ВМ со своей стороны был уверен, что никому никогда не придет в голову считать подделкой столь необычного, столь далекого от канонов Вермеера. Напротив, у картины, созданной в соответствии с творческими принципами делфтского мастера, было гораздо больше шансов вызвать подозрения. И трудно найти для такого религиозного Вермеера более подходящий сюжет, чем явление воскресшего Христа двум ученикам в Эммаусе. К этому исполненному драматизма эпизоду обращались величайшие художники, такие как Рубенс, Рембрандт и, между прочим, Караваджо, который создал два варианта, один из которых ВМ видел в Риме еще до того, как картина оказалась в миланской пинакотеке Брера. Что же касается вероятного влияния Караваджо на Вермеера, то тема эта весьма привлекала искусствоведов и просто любителей искусства со всего мира. Поэтому ВМ не сомневался: именно подобная картина превосходно подойдет на роль повествовательного Вермеера. И она будет гораздо более чарующей и загадочной, чем мог бы быть подлинник. Не в последнюю очередь, наверное, именно потому, что такого Вермеера никогда не существовало.
Глава 11
Летом 1936 года ВМ покинул Рокбрюн и повез Йо на Олимпиаду в Берлин. О таком чудесном отдыхе он давно мечтал, вот только не надеялся, что сможет себе его когда-нибудь позволить. Но теперь сложные и ответственные изыскания, отнявшие у него столько времени и сил, близились к успешному завершению; кроме того, ненавистные портреты, которые он по-прежнему продолжал писать, приносили ему все более значительные доходы. Смело можно утверждать, что к началу 1936 года ВМ был человеком весьма состоятельным: четыре долгих года не прошли даром. Он решил наконец-то позволить себе приятный перерыв, на короткое время отвлечься от тайных трудов, которые поглощали его целиком и полностью. После путешествия он, конечно, вернется на Лазурный берег с новыми силами, чтобы без остатка посвятить себя самому важному и трудному делу в его жизни и карьере.
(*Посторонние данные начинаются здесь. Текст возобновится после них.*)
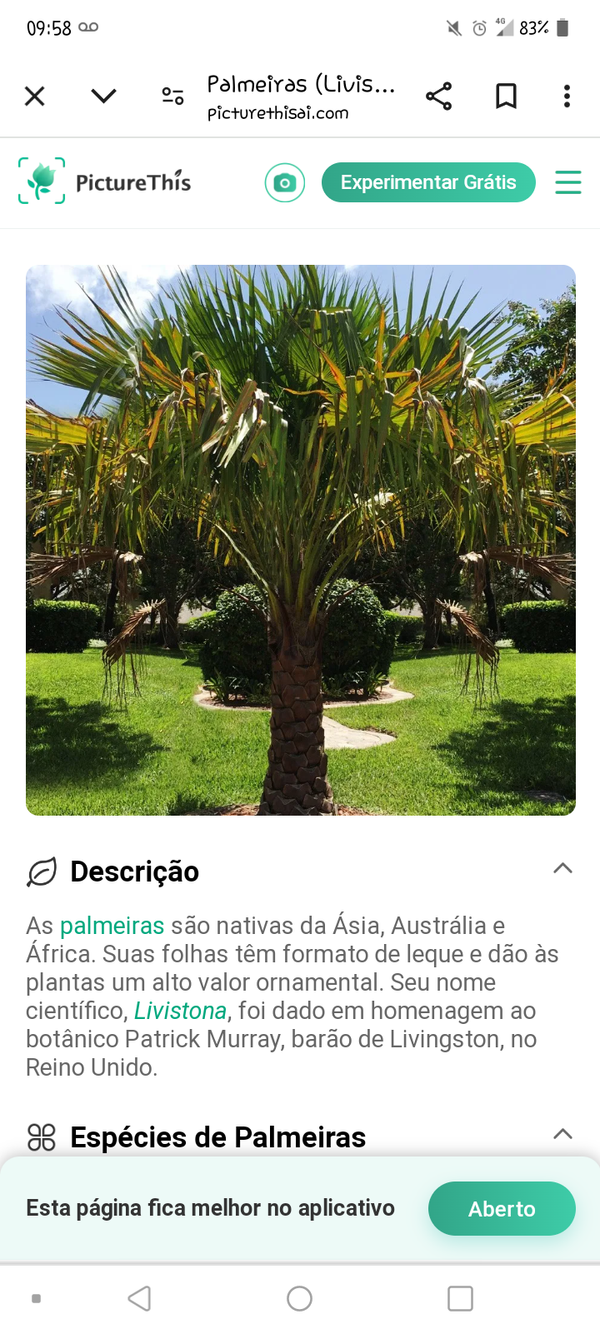 Identificação da planta Palmeira Leque da China por foto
Действительно, вернувшись с Ио из Берлина, ВМ сразу принялся за работу, использовав подлинное полотно XVII века, «Воскрешение Лазаря» (кисти неустановленного современника Вермеера) – он приобрел его за вполне разумную цену – 50 фунтов стерлингов. Картина была в первоначальной раме и радовала глаз равномерной сетью кракелюров. Прежде всего необходимо было извлечь холст из подрамника (слишком хрупкий и драгоценный, он не выдержал бы месяцы работы, не говоря уже о трех-четырех обжигах в печи), к которому она была прибита через порядком износившиеся кожаные пластины настоящими гвоздями ручной ковки XVII века. Освободив полотно от подрамника, ВМ укрепил его на листе фанеры и принялся смывать живопись: то была долгая и скучная работа, и, покончив с ней, ВМ вынужден был смириться с тем, что на холсте остались явные следы картины XVII века. Не удалось удалить, например, лицо женщины в головном уборе, поскольку краска оказалась неожиданно стойкой, так что был риск повредить холст или уничтожить кракелюры.